Ich bin nicht sauer. Ich respektiere die Ansicht. Ein junger Mensch muss einem aelteren zuhøren. Ich bin ja noch nicht erwachsen. Dann bin ich auch nur Gast hier. 
Ich konnte zuerst mit Worten wie: "Halt ja die Schnauze du W........" und andere Worte nichts anfangen. Ich habe die Mails dann im Zusammenhang mit meinen Beitraegen analysiert. Dann habe ich das mit meinem Bruder besprochen.
Seit ich nur wenig zu Fischstellen sage, es ist weniger mit den Mails geworden. Als Auslaender møchte ich nicht Grund fuer ein Streit sein.

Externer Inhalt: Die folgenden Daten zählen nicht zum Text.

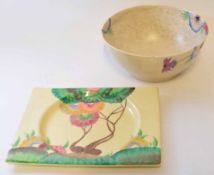 Clarice Cliff bowl and plate in the Viscaria pattern (2)
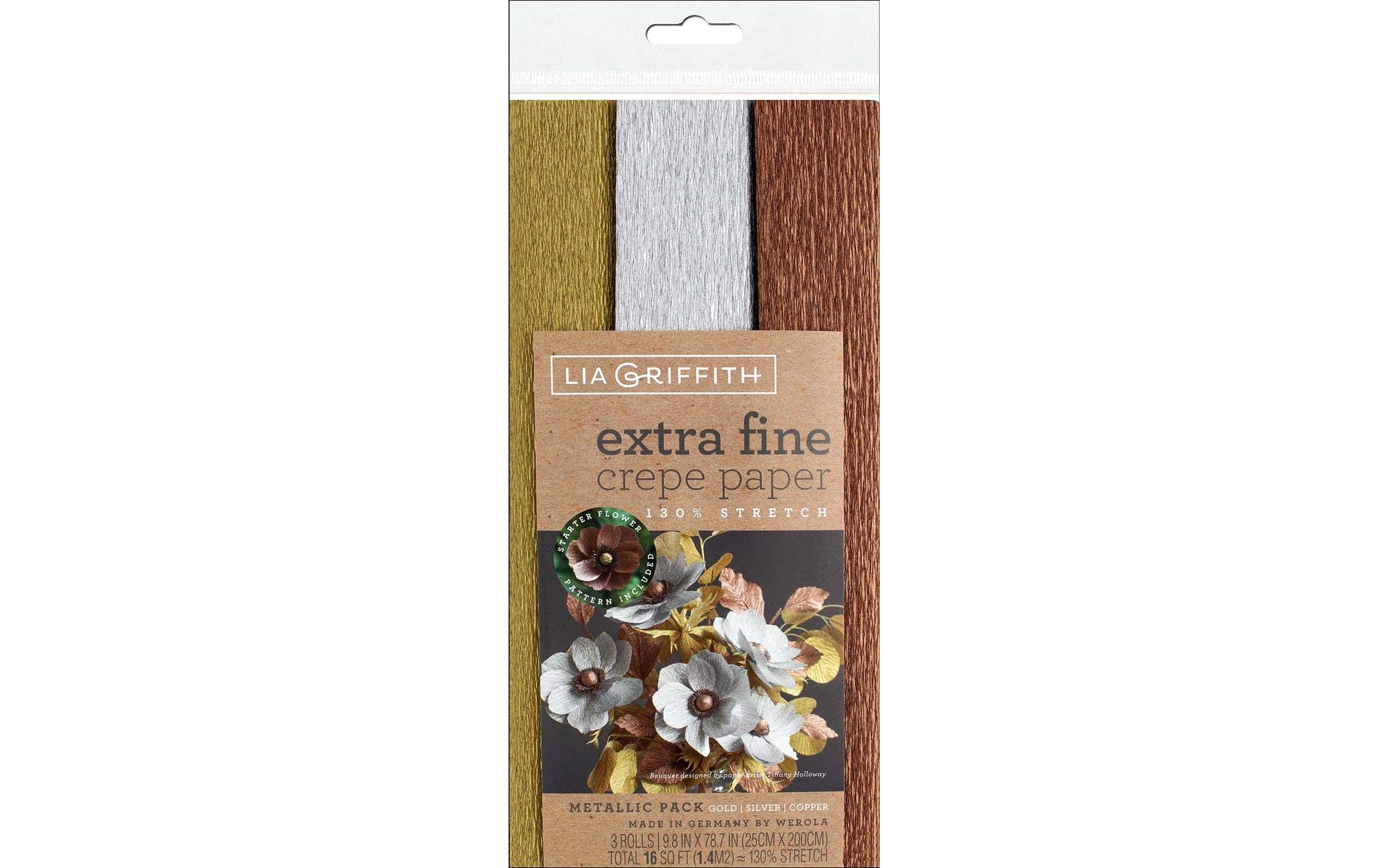 Lia Griffith Crepe Paper Extra Fine 25cm x 2m - 3pcs Metallics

Bitte keine Diskussion darueber. Es fuehrt zu keinem Ergebnis.


----------



## Honeyball (10. Februar 2005)

*AW: Forellenfluss in der Nähe vom Gronsfjord?*



			
				trond schrieb:
			
		

> ... Ich respektiere die Ansicht. Ein junger Mensch muss einem aelteren zuhøren. Ich bin ja noch nicht erwachsen. ....
> Bitte keine Diskussion darueber. Es fuehrt zu keinem Ergebnis.



Hi Trond, |wavey: 

Du hast recht, dass es sinnlos ist, darüber zu diskutieren.
Auf jeden Fall ist mir ein junger Mensch mit festem Charakter so wie Du um Längen lieber als jeder sogenannte Erwachsene, der die von Dir zitierten Worte von sich gibt.
Ich respektiere Deine Einstellung und bedaure, dass es so dazu gekommen ist. Hoffentlich gibt es noch ausreichend Gelegenheit für uns, Dir positiv gegenüber zu treten.


----------